If you need rich content, build it in a script — don't try to write deep ADF inline in shell.

Operational rules

  • Token-expiry first. Always check expiresAt. Don't loop on 401s.
  • Use the proxy. All authenticated calls go through api.atlassian.com/ex/jira/<cloudId>/.... Hitting <your-site>.atlassian.net/rest/api/3/... with a 3LO bearer token will fail.
  • Discover transitions per issue before transitioning — different projects/workflows have different IDs.
  • Use /search/jql, not the legacy /search (which is deprecated and may be removed).
  • ADF is mandatory for description, comment, and rich text fields. Plain strings will be rejected.
  • Account IDs, not usernames for assignment, mentions, and filters.
  • Rate limits: Atlassian rate-limits per app and per user. For bulk transitions/comments, sleep ~200–500 ms between calls.
  • Don't leak tokens. Never echo the access token to logs or Slack. Read it into an env var only.

Error handling

StatusLikely causeAction
401Token expired/invalidCheck expiresAt. Notify user to re-auth. Don't retry.
403Missing scope, or restricted issueCheck the scope column. For write:jira-work operations, confirm scope is present.
404Wrong key, wrong cloudId, wrong projectRe-verify with a project list call.
400Body shape wrong (often ADF or required field)Inspect errorMessages / errors in the response JSON.
429Rate-limitedBack off, retry after Retry-After seconds.

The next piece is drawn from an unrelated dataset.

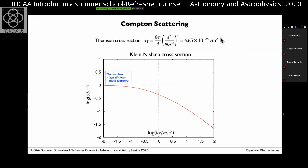The total scattering cross section — summing scattered probability over all directions — gives the Thomson cross section, a fundamental constant: σ_T = (8π/3)(e²/m_e c²)². This is the fraction of incident radiation that is scattered when counting over all scattering directions.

Complete worked example: clean a project

TOKEN=$(db-query "SELECT accessToken FROM oauth_tokens WHERE provider='jira'")
CLOUD_ID="<cloud-id>"
PROJECT_KEY="<PROJECT>"

# 1. List open issues in KAN
curl -s -G -H "Authorization: Bearer $TOKEN" -H "Accept: application/json" \
  --data-urlencode "jql=project = $PROJECT_KEY AND statusCategory != Done" \
  --data-urlencode 'fields=summary,status' \
  "https://api.atlassian.com/ex/jira/$CLOUD_ID/rest/api/3/search/jql" \
  | jq -r '.issues[].key' > /tmp/keys.txt

# 2. Transition each to Done using the transition ID discovered for this workflow
for KEY in $(cat /tmp/keys.txt); do
  curl -s -X POST \
    -H "Authorization: Bearer $TOKEN" -H "Accept: application/json" -H "Content-Type: application/json" \
    "https://api.atlassian.com/ex/jira/$CLOUD_ID/rest/api/3/issue/$KEY/transitions" \
    -d '{"transition":{"id":"<DONE_TRANSITION_ID>"}}'
  sleep 0.3
done

Notes for swarm sync (future)

  • The MCP tracker tools (tracker-link-task, tracker-sync-status, etc.) are designed for two-way sync mappings. Jira tracker support exists at the schema level but is not currently wired up to inbound webhooks. Until it is, all Jira interaction must go through this skill.
  • If/when inbound Jira webhooks land, this skill should add a "When to transition" section mirroring the Linear one.